Wie lernen Kinder einen gesunden Umgang mit dem Internet?
Diese Frage stand bei der Online-Tagung „Suchtverhalten im Internet“ am 21. November 2024 im Fokus. Die Veranstaltung war Teil des „Aktionsplans zum Umgang mit Suchtverhalten im Internet“, den der Gesundheitsfonds Steiermark koordiniert.
Veranstaltet wurde die Online-Tagung von VIVID – Fachstelle für Suchtprävention. Präventions-Expertin Isabella Kranacher von VIVID stellte fünf Ansätze vor, mit denen Eltern ihre Kinder bei einem gesunden Umgang mit Smartphone, Internet und Co. unterstützen können.
1. Vorbild sein
Kinder orientieren sich mit ihrem Verhalten sehr stark an den Eltern.

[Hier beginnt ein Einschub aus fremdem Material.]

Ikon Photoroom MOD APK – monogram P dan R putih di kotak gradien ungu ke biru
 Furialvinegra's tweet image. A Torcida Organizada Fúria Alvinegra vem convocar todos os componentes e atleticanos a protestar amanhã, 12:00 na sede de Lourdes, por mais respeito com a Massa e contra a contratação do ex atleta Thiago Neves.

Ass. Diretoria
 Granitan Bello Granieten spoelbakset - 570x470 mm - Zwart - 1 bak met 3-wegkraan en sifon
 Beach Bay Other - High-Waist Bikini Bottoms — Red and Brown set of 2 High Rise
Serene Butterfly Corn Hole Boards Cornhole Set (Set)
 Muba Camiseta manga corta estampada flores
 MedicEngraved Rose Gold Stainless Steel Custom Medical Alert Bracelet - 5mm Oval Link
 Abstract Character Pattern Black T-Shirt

Kranacher empfiehlt Erwachsenen daher, „den eigenen Umgang mit dem Handy und dem Internet zu reflektieren und bewusst zu gestalten“.
2. Interesse zeigen
Wichtig ist für Eltern auch, mit den Kindern und Jugendlichen wertschätzend über das Thema zu sprechen. „Und das nicht erst dann, wenn es Probleme gibt“, betont Kranacher. „Das Internet ist Teil der Lebenswelt von Kindern und sollte nicht per se schlechtgeredet werden.“ Sie empfiehlt Eltern, das Thema ganz offen anzusprechen und dabei auf das Aufregende, die Beweggründe und die konkreten Erlebnisse einzugehen.
So bitte nicht. Alleine sollten Kleinkinder nicht das Internet nutzen. Und im Schlafzimmer ist es generell besser, auf digitale Geräte zu verzichten.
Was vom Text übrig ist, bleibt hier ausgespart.